On Sunday evenings, Salil Jain prays in church. The 21-year-old UW graduate attends Jubilee Evangelical Church in the University District. It is a young congregation-the oldest member is Jain's sister Sapna, a 31-year-old doctor-and relatively small, with perhaps 80 to 100 regular worshipers. A Charismatic Christian, Jain is transported to a different realm-a spiritual and godly realm-when he prays. His arms will rise above his head of their own volition, as if drawn by a divine force that counteracts gravity. He will sway from side to side and, when the Holy Spirit is strong within him, experience visions or speak in tongues-unleashing a free-flowing babble of consonant sounds that signifies God's power over him.

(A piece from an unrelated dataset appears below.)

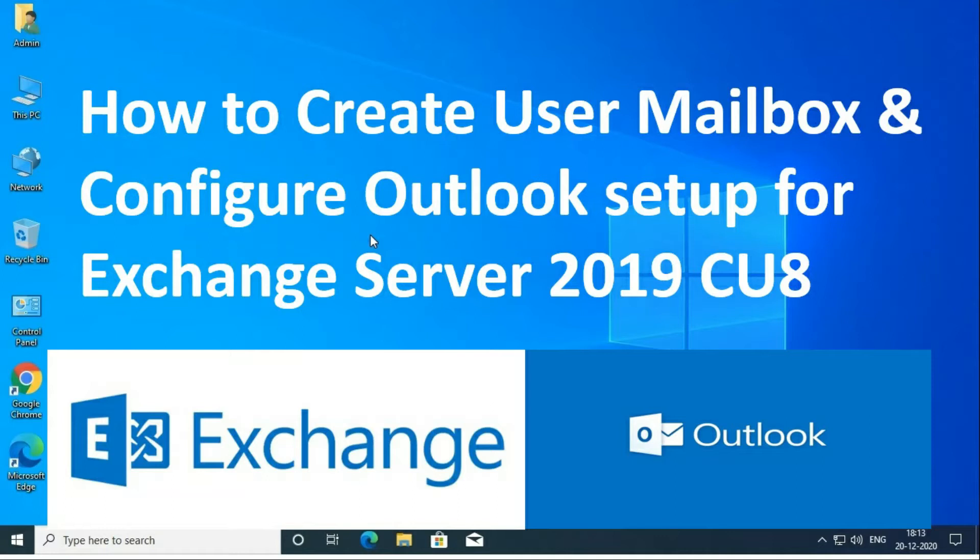In this video I will tell you how to create a new user and a new mailbox, and will also explain how to configure Outlook if you have an Exchange Server in your LAN environment.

As another sister, Sanjeeta, a 29-year-old attorney at a prestigious downtown law firm, describes it, prayer is uplifting and emotionally transformative; God's presence is physically manifested in the believer, who experiences the divine spirit as "warmth, joy, or electricity" coursing through the body. Miracles often follow: the sick are healed, the emotionally damaged made whole, the implausible, and even impossible, becomes reality. "We believe that God is more real than the person next to you," she says.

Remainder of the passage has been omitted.